**Work task:** Stop after the line with "Spanx White Denim". Up to that point, output every line of the listing below exactly from the first one onward, skipping pictures.

**Working data:**

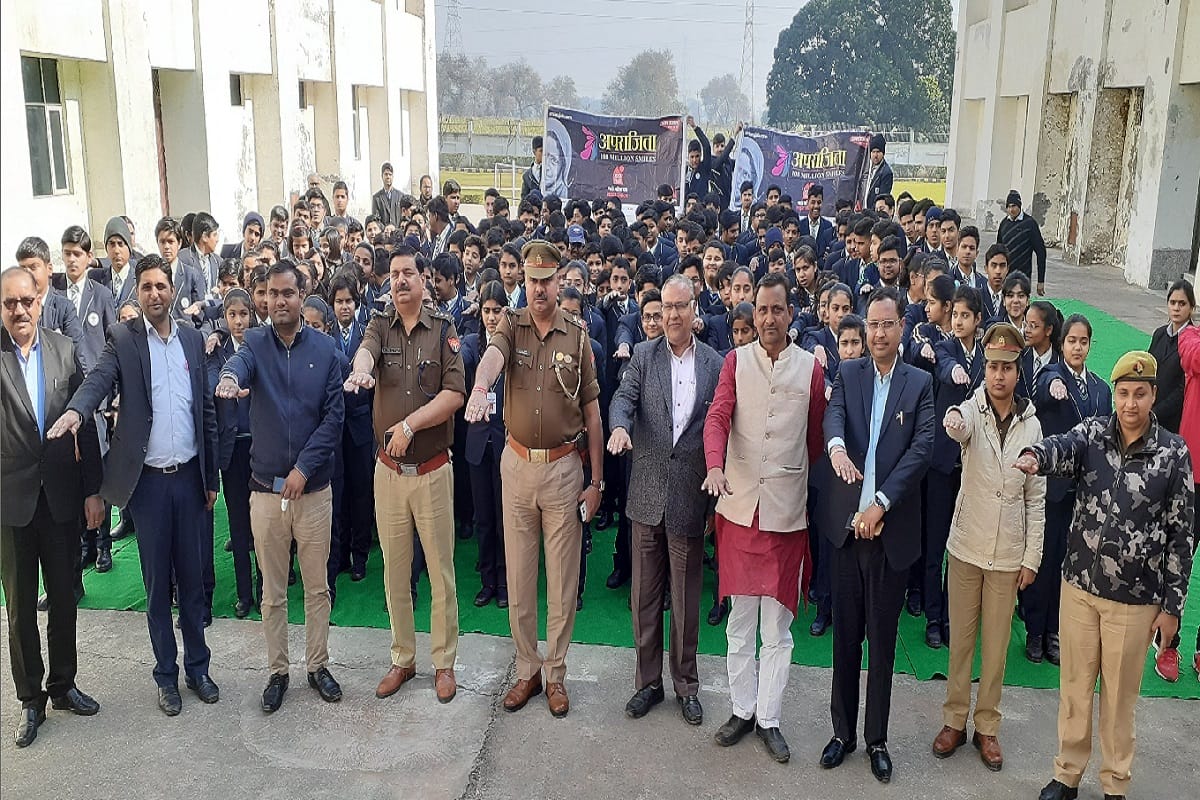 Police ki Pathshala, CO Alok Singh has safety tips given to the girl students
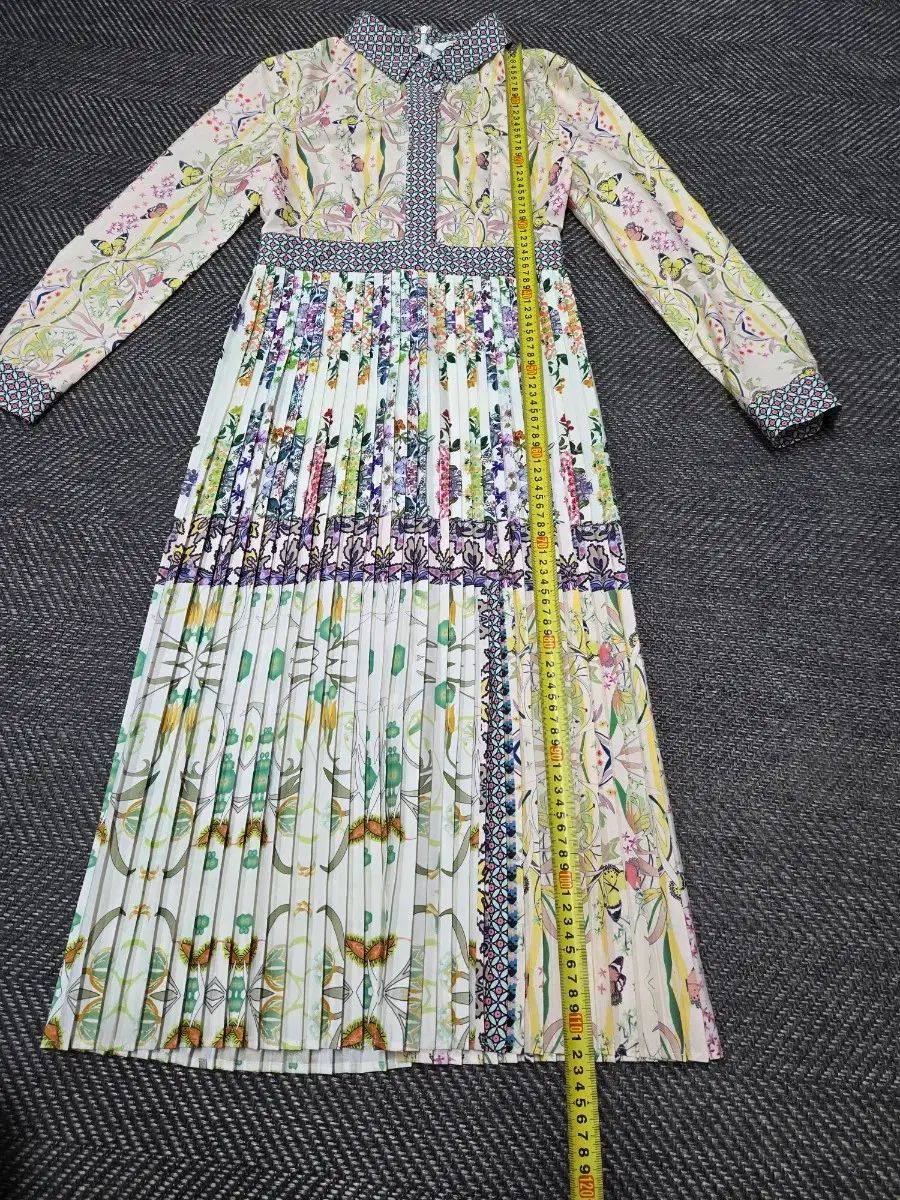  サテン SATIN ユニーク フラワー パータン カラ プリーツ ONE PIECE ニットワンピ ベーシックカラー 長袖 七分袖 その他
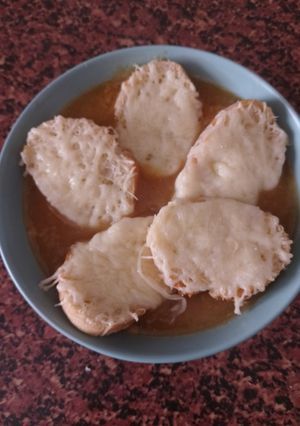 A picture of Onion Soup.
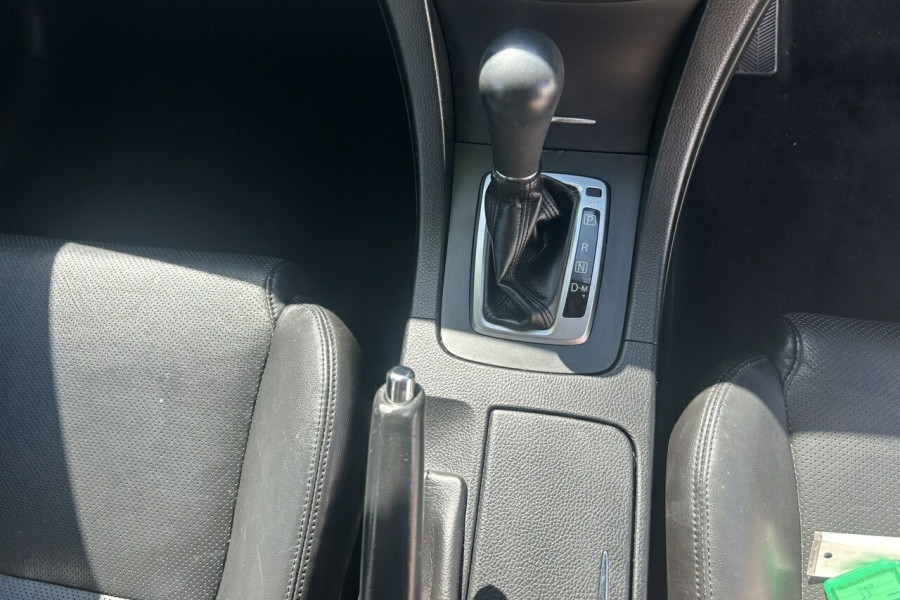 2012 Suzuki Kizashi FR MY11 Prestige Sedan Image 12
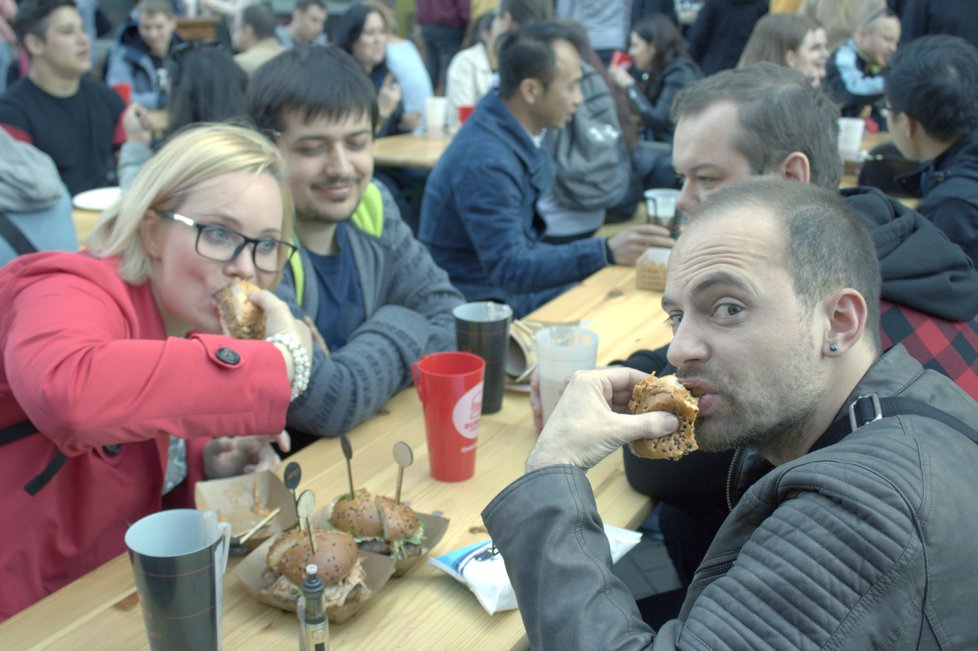 Jubilejní pátý Burger festival v galerii Vaňkovka přilákal během prodlouženého víkendu davy lidí.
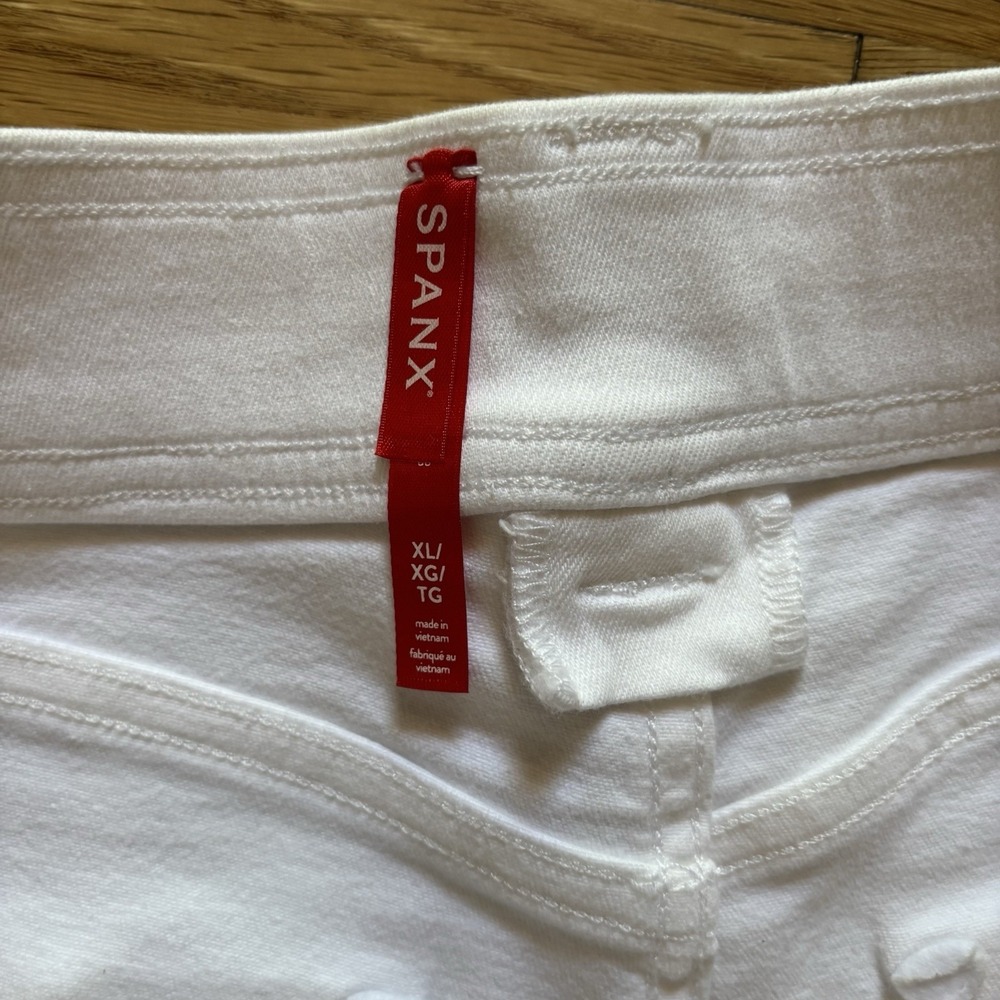Spanx White Denim Trouser Shorts Women XL 4" Inseam Classic Stretch NWT Classic - Picture 8 of 9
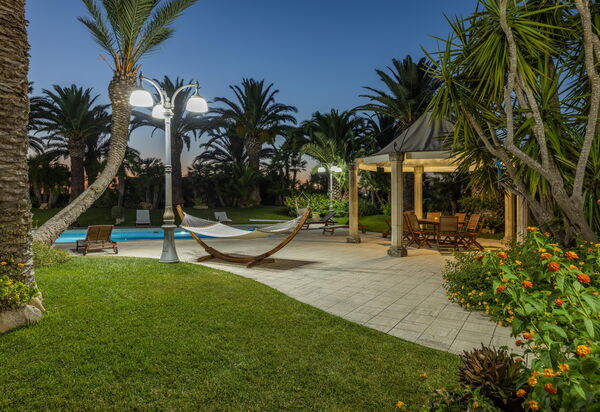 Villa Oasi Di Pace: бассейн, Открытый, Сад, Экстерьеры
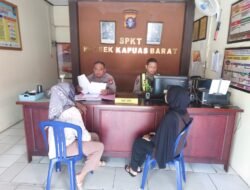 Kedepankan Sikap Humanis, Polsek Kapuas Barat Berikan Pelayanan Prima bagi Warga yang Datang ke Mako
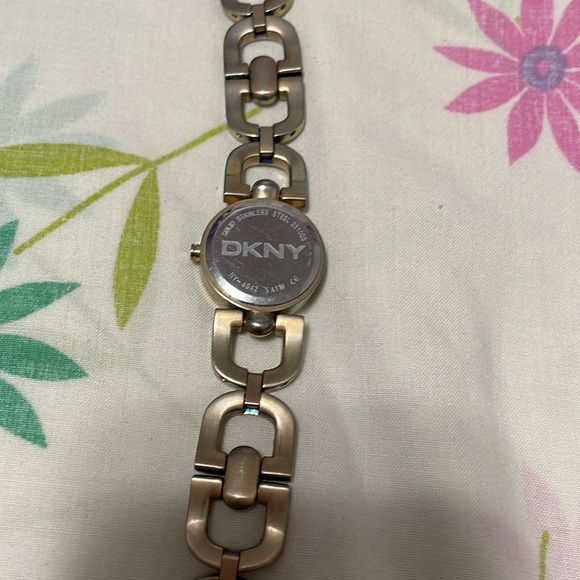 DKNY - Picture 4 of 4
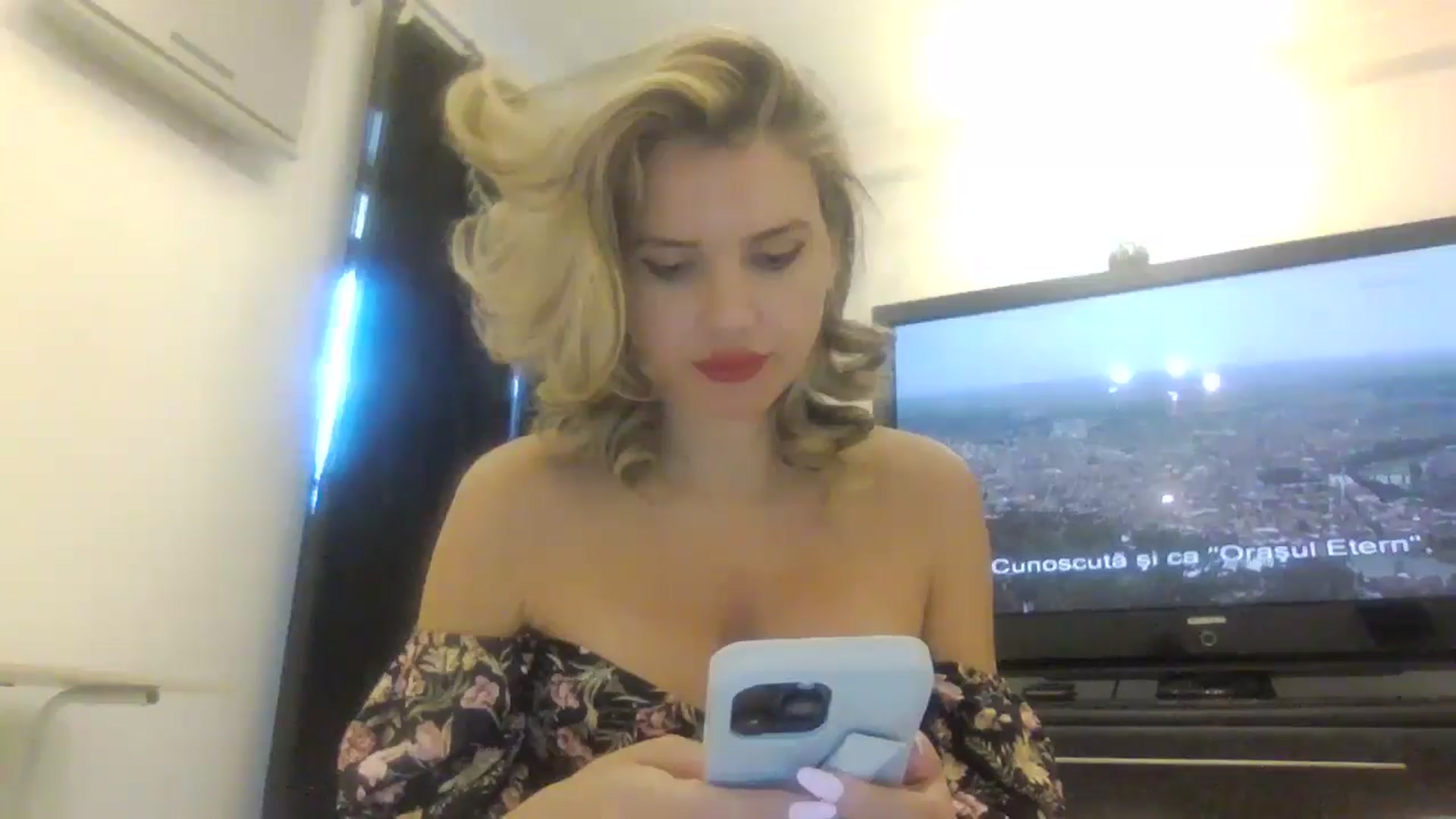 Gallery image thumbnail from Klarita_'s myfreecams stream on, 04/11/2025, 12:13 image 3 of 20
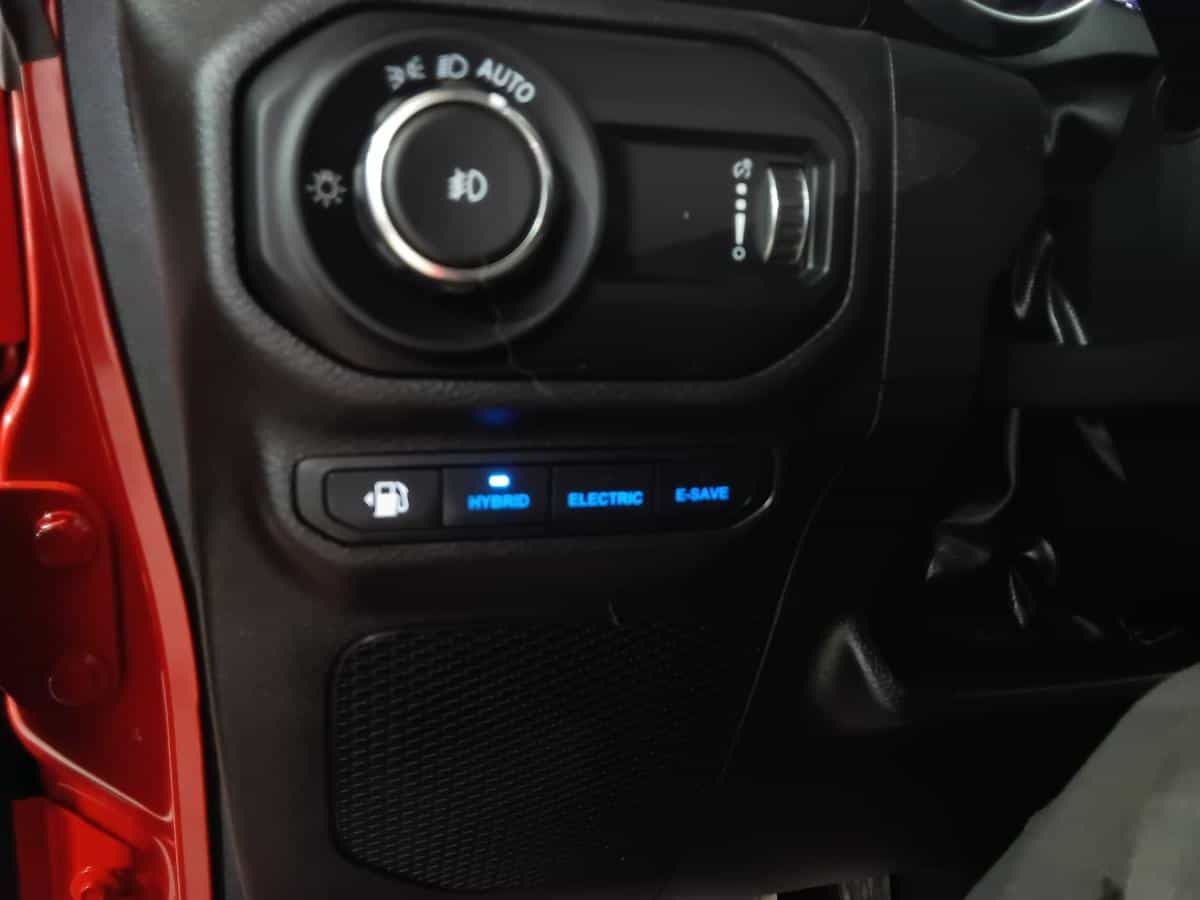 2023 Jeep Wrangler 4XE Rubicon* 4Xe* 4X4* Cuir* Gps* Volant Chauffant* - Image 24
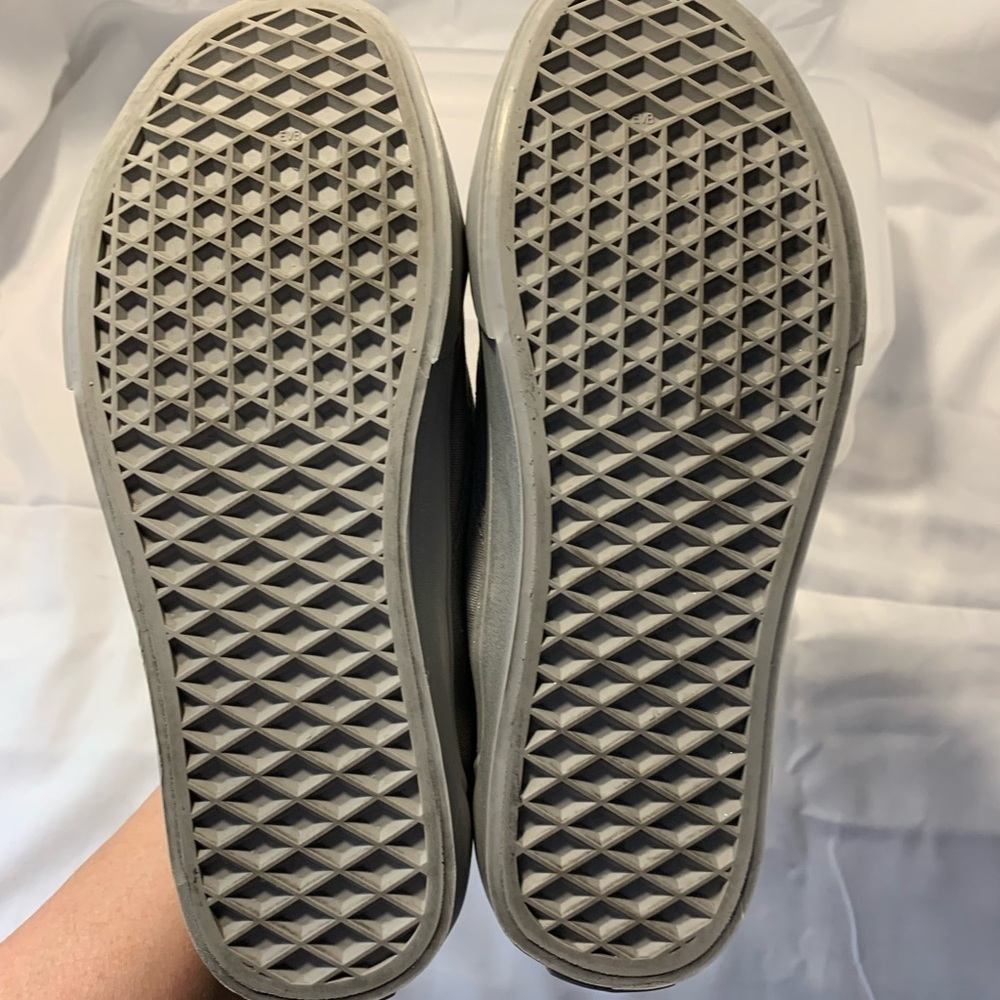 Unisex Vans Gray Canvas Old Skool Sreakers - Picture 7 of 7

**Answer space:**
 Police ki Pathshala, CO Alok Singh has safety tips given to the girl students
  サテン SATIN ユニーク フラワー パータン カラ プリーツ ONE PIECE ニットワンピ ベーシックカラー 長袖 七分袖 その他
 A picture of Onion Soup.
 2012 Suzuki Kizashi FR MY11 Prestige Sedan Image 12
 Jubilejní pátý Burger festival v galerii Vaňkovka přilákal během prodlouženého víkendu davy lidí.
Spanx White Denim Trouser Shorts Women XL 4" Inseam Classic Stretch NWT Classic - Picture 8 of 9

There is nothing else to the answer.